May 9, 2021 – December 19, 2021
my life as a tunnel



Shannon Te Ao (Ngāti Tūwharetoa / New Zealander, born Australia, 1978) implements Māori traditions to explore the ambiguities and tensions within interpersonal relationships as well as the complex dynamics between Indigeneity, language, and loss. The starting point for my life as a tunnel (2018) is a scene from Charles Burnett’s iconic film Killer of Sheep (1978) in which the protagonist, Stan, and his wife—whose marriage has experienced much strain—slowly dance to the haunting Clyde Otis song "This Bitter Earth," originally recorded by Dinah Washington in 1959, capturing a pivotal moment of physical and psychological exchange between two individuals.
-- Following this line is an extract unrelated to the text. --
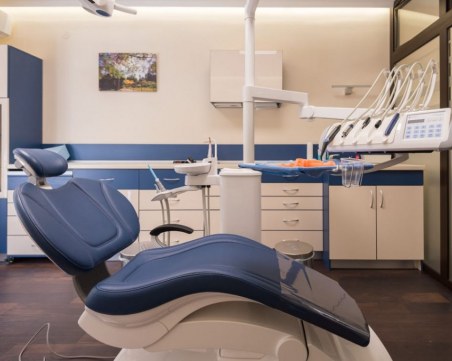 Асоциацията на зъботехниците поиска оставката на директора на НЗОК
This two-channel video is installed on two separate, back-to-back screens. Two male figures move intimately together to an a cappella version of "This Bitter Earth," translated into te reo Māori (Māori language). Their engagements seem affectionate, but there are subtle, yet palpable, moments of disquiet. This layered and poignant work weaves together past and present and asks: What can be found once something is lost?

This exhibition is organized by the Hood Museum of Art, Dartmouth College, and was generously supported by William B. Jaffe and Evelyn A. Hall Fund.